HOW TO COMPLETE THIS TASK |
Once the line with "Figure 1. Effect" is reached, output it and every line after it, exactly, through the end of the records below. Pictures are skipped.

Caption-style text data
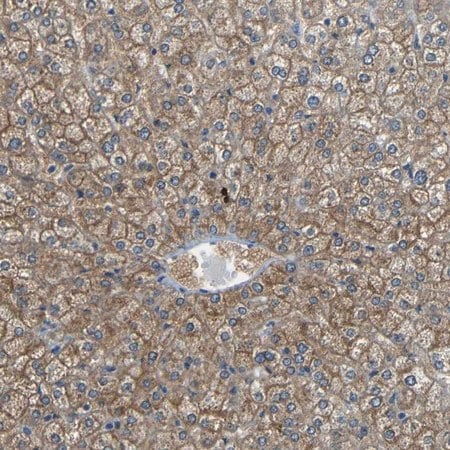 Merck Anti-CYP26B1 antibody produced in rabbit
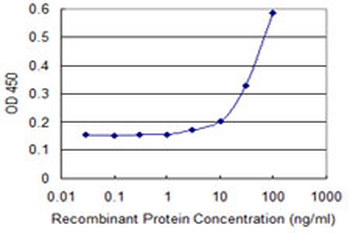 RHOC monoclonal antibody (M06), clone 1B7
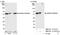 Glutamate Rich WD Repeat Containing 1 antibody, NB100-77319, Novus Biologicals, Western Blot image 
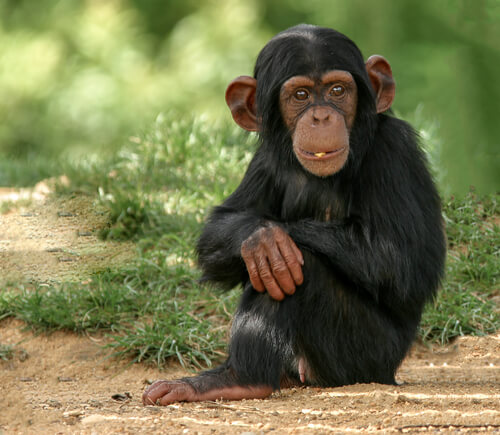 Vídeos virales de un chimpancé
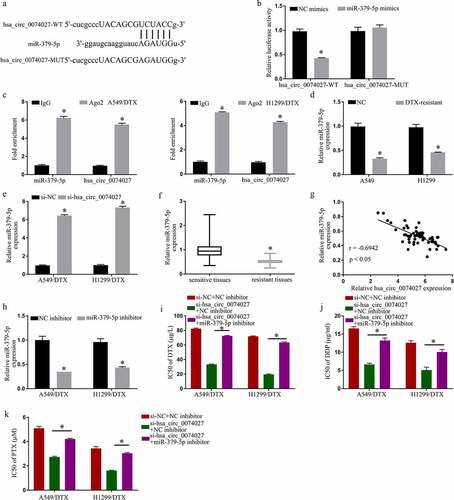 Figure 3. Hsa_circ_0074027 (HC0074027) sequesters miR-379-5p activity. A. Predicted docking sites of HC0074027 and miR-379-5p. B. Direct binding between HC0074027 and miR-379-5p, as evidenced by the DLR assay. C. RIP assay validated the HC0074027 interaction with miR-379-5p. D. MiR-379-5p levels, via RT-qPCR, in A549, H1299, A549/DTX, and H1299/DTX cells. E. MiR-379-5p levels, via RT-qPCR?, in DTX-resistant cells incorporated with si-NC, or si-hsa_circ_0074027. F. MiR-379-5p levels, via RT-qPCR, in sensitive and resistant tissues. G. Association between HC0074027 and miR-379-5p, as evidenced by the Spearman’s correlation coefficient. H. MiR-379-5p levels, via RT-qPCR, in DTX-resistant cells incorporated with NC-, or miR-379-5p-inhibitor. IC50s of DTX (i), DDP (j), and PTX (k). The presented data are mean of 3 replicates, and *p < 0.05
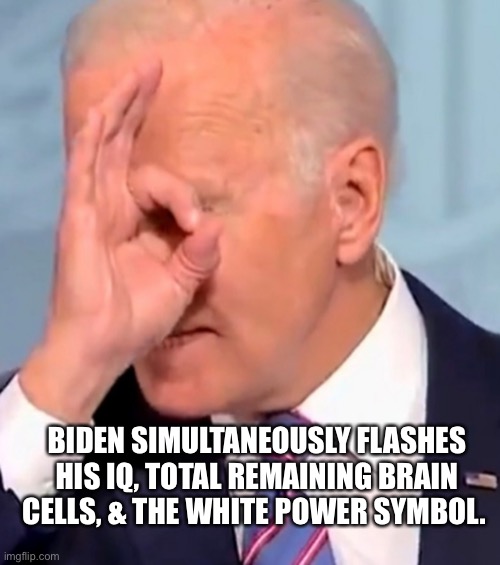 Biden playing peekaboo. | BIDEN SIMULTANEOUSLY FLASHES HIS IQ, TOTAL REMAINING BRAIN CELLS, & THE WHITE POWER SYMBOL. | image tagged in president_joe_biden | made w/ Imgflip meme maker
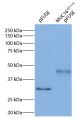 293 cell expression of MUC16c57-114-pFUSE-hIgG<sub>1</sub>-Fc2 fusion protein was resolved by electrophoresis, transferred to PVDF membrane, and probed with Mouse Anti-Human IgG<sub>1</sub> Fc-HRP (SB Cat. No. 9054-05) and chemiluminescent detection.<br/>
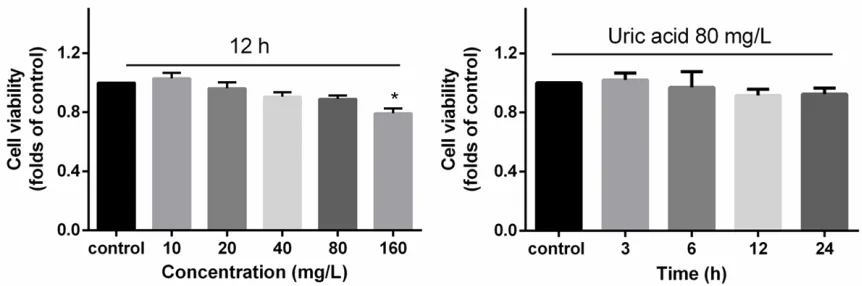 Figure 1. Effect of uric acid on the viability of HUVECs. The cells were incubated with the different concentrations of uric acid for 12 h or with the concentration of uric acid 80 mg/l for 0, 3, 6, 12 and 24 h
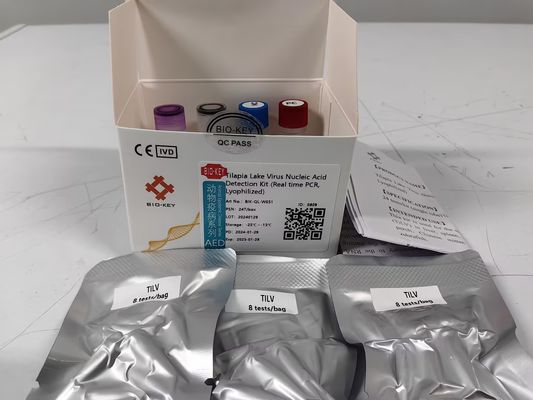 Tiết dụng cụ phát hiện axit hạt nhân virus cá hồ Tilapia thời gian thực PCR lyophilized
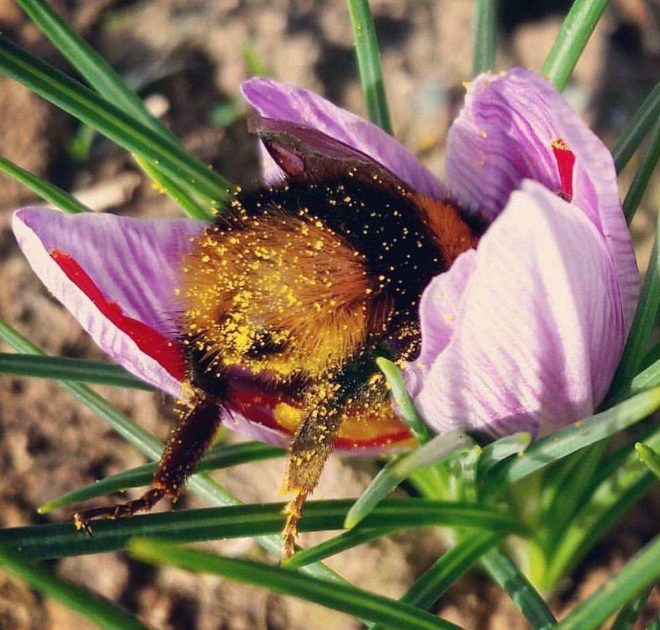 sabervivermais.com - Fotos de Abelhas descansando com o "bumbum pra cima" dentro de flores viralizam na web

RESULT OF THIS TASK |
 Figure 1. Effect of uric acid on the viability of HUVECs. The cells were incubated with the different concentrations of uric acid for 12 h or with the concentration of uric acid 80 mg/l for 0, 3, 6, 12 and 24 h
 Tiết dụng cụ phát hiện axit hạt nhân virus cá hồ Tilapia thời gian thực PCR lyophilized
 sabervivermais.com - Fotos de Abelhas descansando com o "bumbum pra cima" dentro de flores viralizam na web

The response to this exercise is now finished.